Given data:
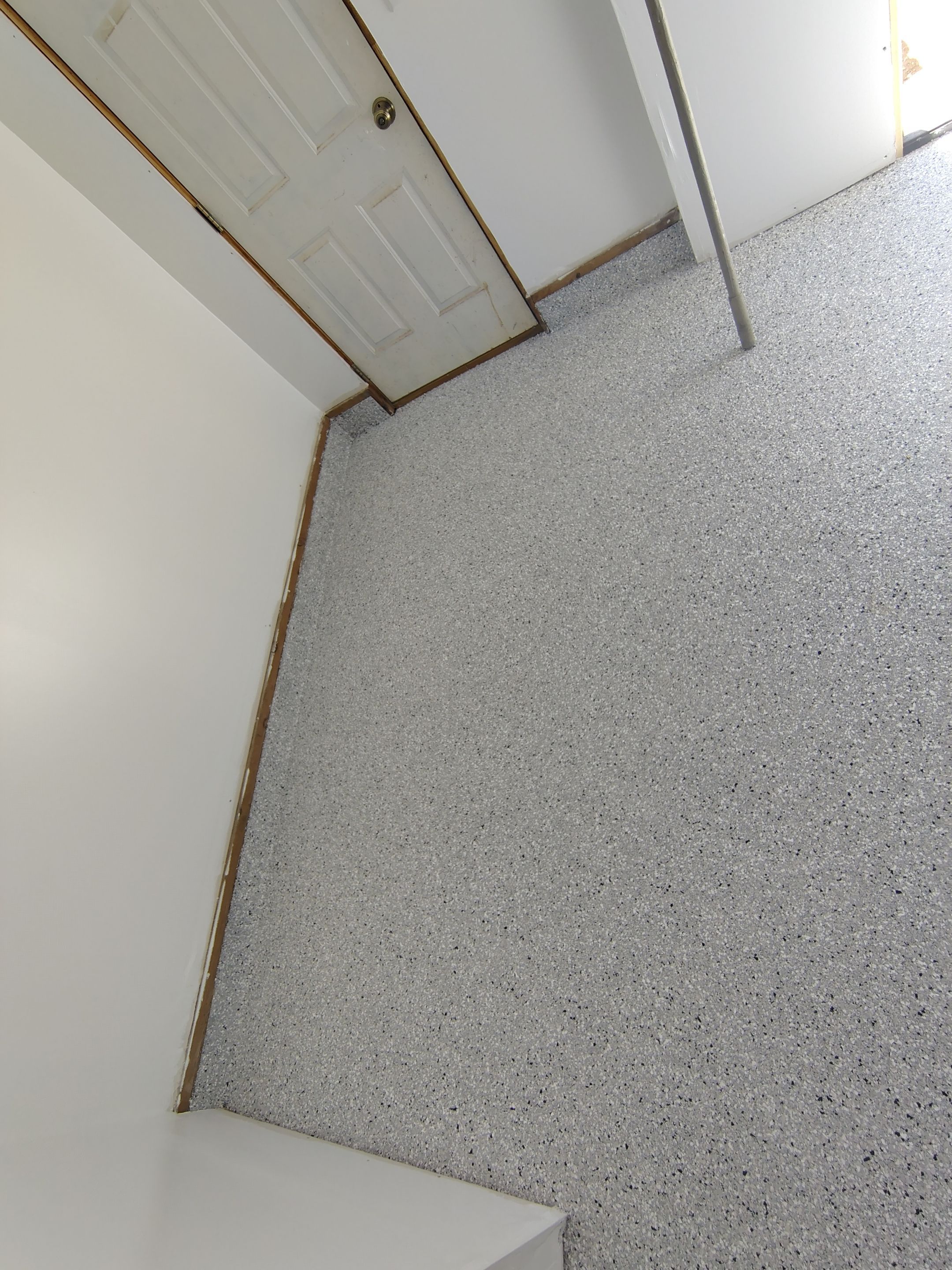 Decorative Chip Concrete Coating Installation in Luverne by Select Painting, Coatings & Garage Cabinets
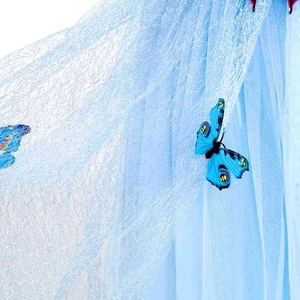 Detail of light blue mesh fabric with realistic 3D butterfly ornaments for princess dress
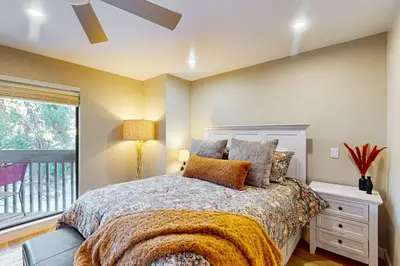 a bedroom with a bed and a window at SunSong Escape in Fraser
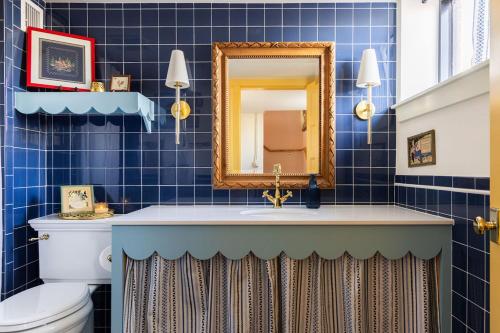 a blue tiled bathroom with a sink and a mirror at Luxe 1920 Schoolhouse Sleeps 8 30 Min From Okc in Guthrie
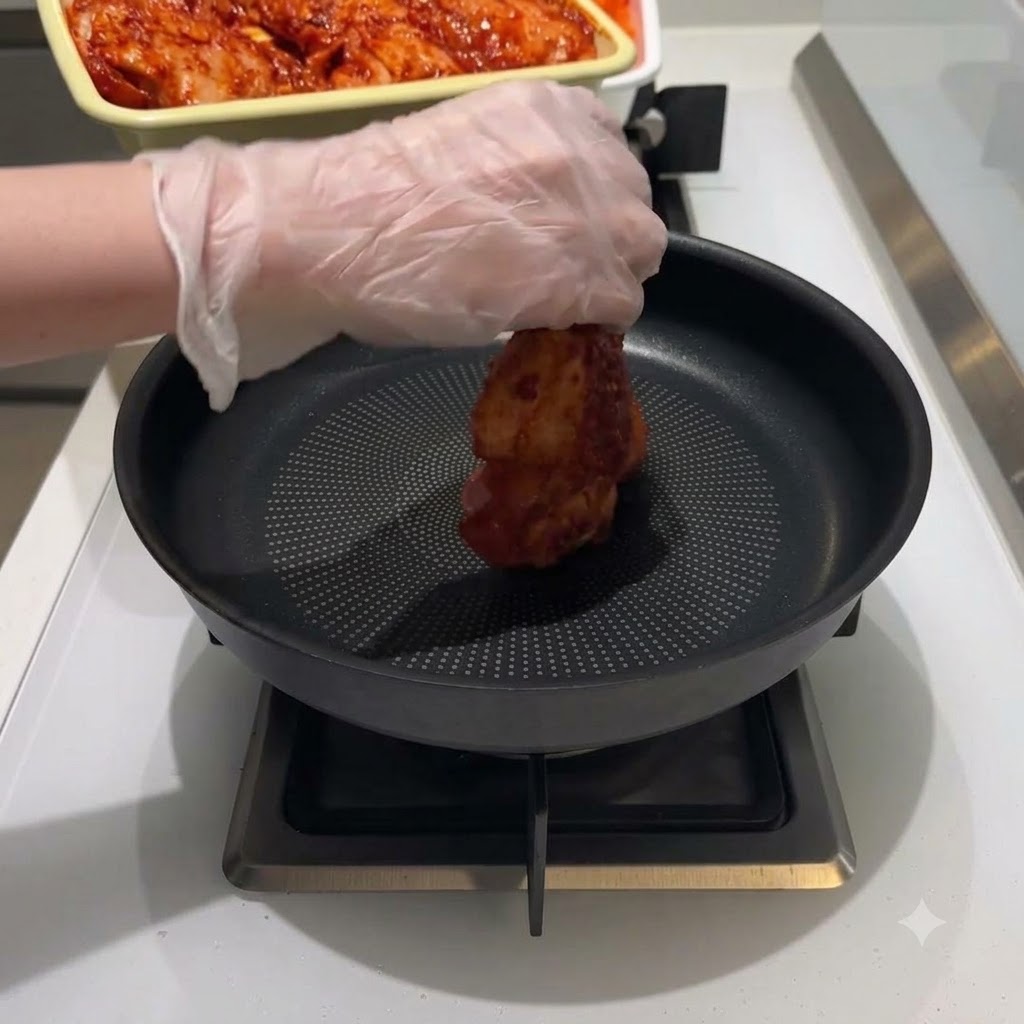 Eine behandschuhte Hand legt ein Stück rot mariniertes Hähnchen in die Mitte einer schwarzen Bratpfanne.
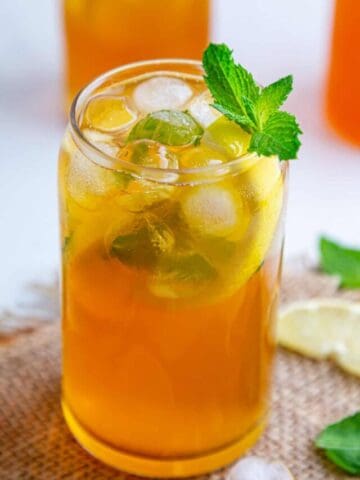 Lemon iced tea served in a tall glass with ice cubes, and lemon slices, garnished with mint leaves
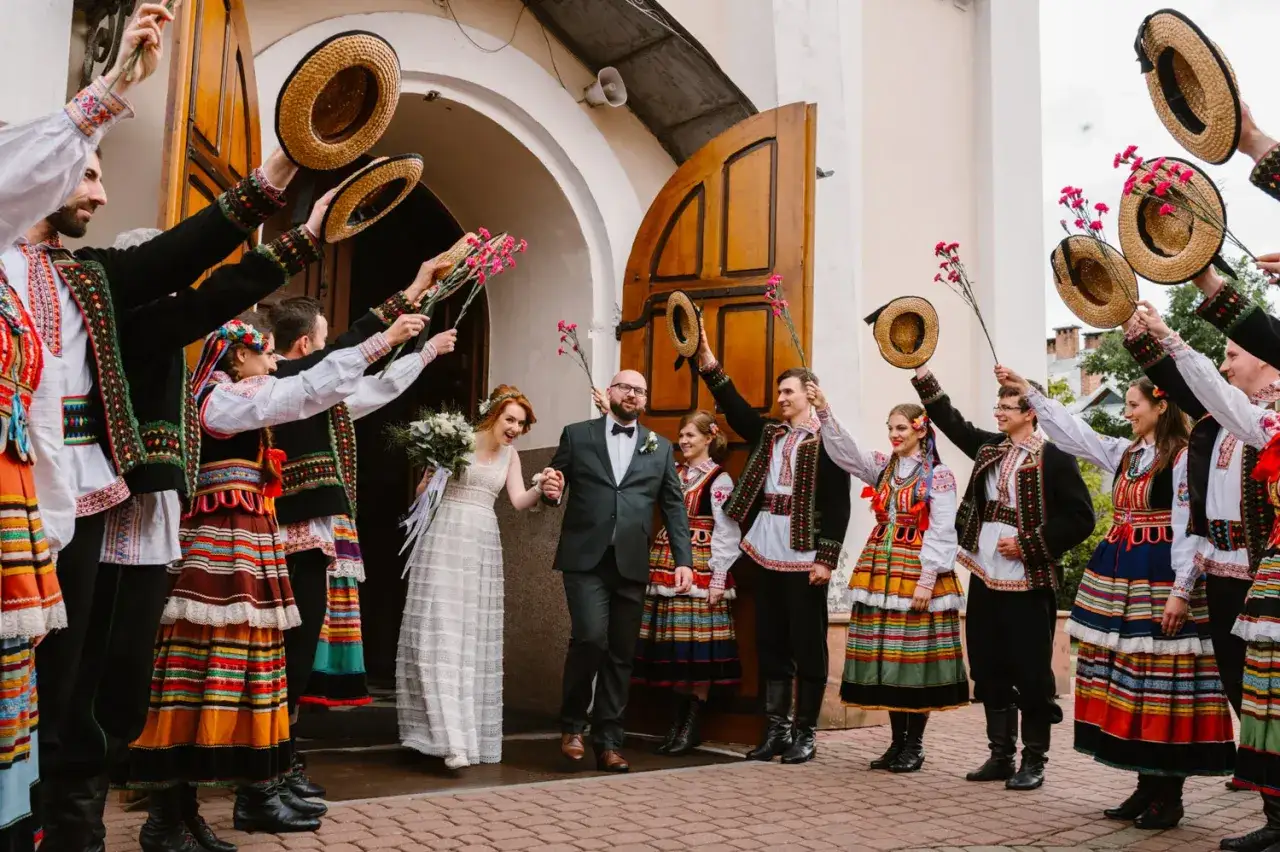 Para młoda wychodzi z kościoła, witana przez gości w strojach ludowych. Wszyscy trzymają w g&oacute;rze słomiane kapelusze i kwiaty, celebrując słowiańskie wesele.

Work order: To complete this exercise, repeat exactly the lines above from the one holding "Detail of light" to the end of the listing, both included, and leave the pictures out.

Answer space:
 Detail of light blue mesh fabric with realistic 3D butterfly ornaments for princess dress
 a bedroom with a bed and a window at SunSong Escape in Fraser
 a blue tiled bathroom with a sink and a mirror at Luxe 1920 Schoolhouse Sleeps 8 30 Min From Okc in Guthrie
 Eine behandschuhte Hand legt ein Stück rot mariniertes Hähnchen in die Mitte einer schwarzen Bratpfanne.
 Lemon iced tea served in a tall glass with ice cubes, and lemon slices, garnished with mint leaves
 Para młoda wychodzi z kościoła, witana przez gości w strojach ludowych. Wszyscy trzymają w g&oacute;rze słomiane kapelusze i kwiaty, celebrując słowiańskie wesele.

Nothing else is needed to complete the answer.